Recent systematic reviews and meta-analyses have converged on the analgesic efficacy of M1-rTMS in various NP conditions. These conditions included both central NP, such as central post-stroke pain, and peripheral NP, such as trigeminal neuralgia, post-herpetic neuralgia, painful radiculopathy, and diabetic polyneuropathy [41,42,43,44,45]. The most common TMS parameters that yielded analgesic effects were: a stimulation frequency of 10–20 Hz, stimulation intensity of 80–120% RMT, number of pulses of 1000–2000, and for 5–10 sessions [44], with 5 sessions producing analgesia that can sustain for at least one month [45].
In early meta-analyses, the differential analgesic effect of rTMS was thought to depend on the neuroanatomical origin of NP, in that patients with central NP would respond better than peripheral NP conditions [45,46]. However, a recent meta-analysis has challenged this assumption showing no significant difference in the analgesic efficacy of rTMS between central and peripheral NP [43].
Another critical factor to consider is whether the M1 stimulation site must correspond to the somatotopy of the painful body region [47,48]. Nonetheless, accumulating evidence supports the notion that M1-rTMS alleviates pain in a non-somatotopic manner. For instance, rTMS stimulation of the M1 hand representation caused pain reduction in different body areas in NP [49] and non-NP conditions such as endometriosis [50] and low-back pain [51].
A recent Cochrane meta-analysis demonstrated that low-frequency rTMS and rTMS applied over the dorsolateral prefrontal cortex (DLPFC) were ineffective for pain reduction. On the other hand, high-frequency M1-rTMS exerted minor, short-term analgesic effects, yet negligible to be clinically significant [52]. However, Cochrane reviews attribute a low risk of bias only for studies with a follow-up duration of more than eight weeks and recruiting more than 200 participants per arm [52], a condition rarely fulfilled in the TMS literature. Still, two separate groups of expert panels in Europe and North America have recently granted a level A evidence (definite efficacy) for the high-frequency M1-rTMS contralateral to the painful side in NP management [15,53]. The recommended treatment protocol for NP consisted of 5–10 induction sessions (at >24 and <72 intervals), stimulation frequency at 10–20 Hz with an intensity of 80–90% RMT, and a total of 2000–3000 pulses per session. In the absence of comorbid severe depression, the contralateral M1 is the target for unilateral NP and the left DLPFC is the target for diffuse NP. While in the presence of comorbid severe depression along with NP, the left DLPFC is targeted with the induction sessions increased to more than 10 sessions. The maintenance sessions consist of biweekly to monthly sessions based on the treatment benefits [53].

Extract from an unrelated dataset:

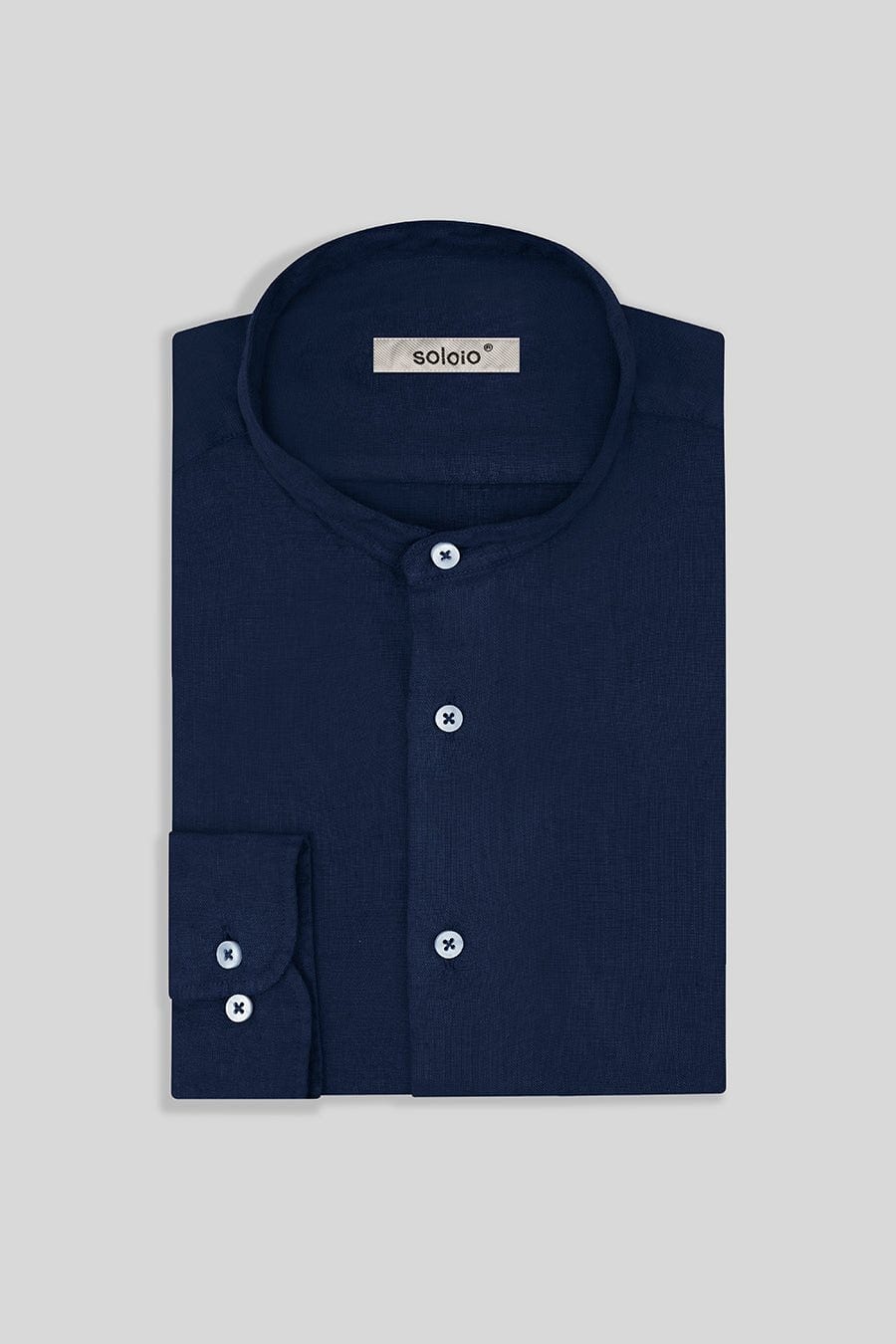 Men's linen shirt mao navy basic - imagen 4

3.1.2. Chronic Primary Pain

Chronic primary pain (CPP) is defined as pain in one or more anatomical regions associated with emotional distress and significant functional disability (i.e., interfering with daily activities) that last longer than three months and cannot be better accounted for by another diagnosis [54]. CPP comprises chronic widespread pain, complex regional pain syndrome, chronic primary visceral pain, chronic primary musculoskeletal pain, and chronic primary headache or orofacial pain [54].

Chronic Widespread Pain

Chronic widespread pain is defined as diffuse pain in more than four body regions in more than three body quadrants, along with the core features of CPP [55]. Fibromyalgia and myofascial pain syndromes were the main conditions studied in the M1-rTMS literature under this category.
Fibromyalgia syndrome (FMS) is a severe widespread pain associated with sleep disorders and cognitive dysfunction [54]. Two recent meta-analyses concluded that high-frequency rTMS over the left M1 effectively relieved pain and improved the quality of life in patients with FMS [56,57]. The improvement in FMS symptomology was associated with changes in resting-state connectivity and metabolism in sensory, affective, and cognitive brain processing areas, as shown in fMRI [58] and PET scans [59]. Furthermore, delivering maintenance sessions for >13 weeks is thought to sustain the analgesic effects of rTMS among these patients [57]. Nonetheless, expert panels have recently granted a level B evidence (probable efficacy) for the high-frequency rTMS over the left M1 for improving quality of life and over the left DLPFC for analgesia in FMS patients [15].
On the other hand, myofascial pain syndrome (MPS) is defined as pain in the muscles and surrounding fascia with the presence of hypersensitive sites known as “trigger points” [60]. As addressed in the recent systematic review of Yang et al., 10 sessions of high-frequency rTMS over the left M1 was considered a beneficial therapeutic option for patients with chronic MPS [61]. However, no expert recommendations exist for M1-rTMS in this category due to the paucity of data.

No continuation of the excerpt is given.